Express & Star

Mark Andrews on Saturday: Trams, trains, and the Highway Code

THE Department for Education has been urged to add the Highway Code to the school curriculum for sixth formers.

Published
The Highway Code

Admittedly, only by a car leasing firm which I am not going to give free publicity to, but nevertheless some people seem to be taking the suggestion seriously.

Don’t teachers have enough on their plate? Only last week schools were told they must start teaching children about transgenderism. Now they're expected to prepare them for the driving test as well.

Meanwhile, the number of children sitting GCSE languages has fallen by 45 per cent since 2002.This is even more pronounced for French and German, with numbers down by about two thirds. And this is the generation supposed to be unashamedly pro-European, wanting closer ties with our neighbours.

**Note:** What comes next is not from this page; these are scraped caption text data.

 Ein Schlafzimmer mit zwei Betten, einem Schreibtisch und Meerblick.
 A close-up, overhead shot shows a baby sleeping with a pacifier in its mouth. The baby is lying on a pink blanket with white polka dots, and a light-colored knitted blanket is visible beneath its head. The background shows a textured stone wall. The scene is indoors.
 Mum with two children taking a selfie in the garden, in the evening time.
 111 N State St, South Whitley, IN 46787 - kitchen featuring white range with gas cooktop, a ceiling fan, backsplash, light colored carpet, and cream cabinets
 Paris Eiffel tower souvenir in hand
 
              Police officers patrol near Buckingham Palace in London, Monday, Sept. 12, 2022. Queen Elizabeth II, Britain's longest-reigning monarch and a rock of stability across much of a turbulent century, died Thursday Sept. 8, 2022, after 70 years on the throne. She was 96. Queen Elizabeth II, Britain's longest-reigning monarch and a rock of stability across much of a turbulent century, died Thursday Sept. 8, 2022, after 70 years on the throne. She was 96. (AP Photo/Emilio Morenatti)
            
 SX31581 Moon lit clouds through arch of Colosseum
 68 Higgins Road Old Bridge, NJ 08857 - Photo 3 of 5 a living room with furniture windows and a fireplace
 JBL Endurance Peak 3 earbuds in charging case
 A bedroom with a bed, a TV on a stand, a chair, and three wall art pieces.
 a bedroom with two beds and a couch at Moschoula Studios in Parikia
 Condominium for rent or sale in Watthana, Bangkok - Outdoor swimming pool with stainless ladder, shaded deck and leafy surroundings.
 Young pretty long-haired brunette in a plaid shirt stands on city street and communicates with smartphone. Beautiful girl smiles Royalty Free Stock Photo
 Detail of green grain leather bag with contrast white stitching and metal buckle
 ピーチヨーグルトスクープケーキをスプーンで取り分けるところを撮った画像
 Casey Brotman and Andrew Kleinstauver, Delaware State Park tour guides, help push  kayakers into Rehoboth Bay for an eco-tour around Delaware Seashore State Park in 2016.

Schools will argue the decline of French and German is in part due to a wider range of languages on offer, and there is a 22 per cent rise in the number of youngsters taking Welsh. But, no disrespect to the Welsh, how is that going to get you a job?

OF course, the teaching of languages in schools has always been a bit patchy. I actually thought scraping O-level German and a smattering of French made me multilingual, a delusion emphatically debunked at the Birmingham Christmas market about 10 years ago. It probably didn’t help that the guy I was talking to was Romanian, but you get my point.

I remember my teacher saying it didn’t matter how ridiculous your answers to questions were, as long as they were in good German. So when asked to give account of an important event in my community, I described in great detail a street party and disco to celebrate my grandfather’s 120th birthday, attended by the mayor who presented him with a Vauxhall car. It got decent marks, if I remember rightly.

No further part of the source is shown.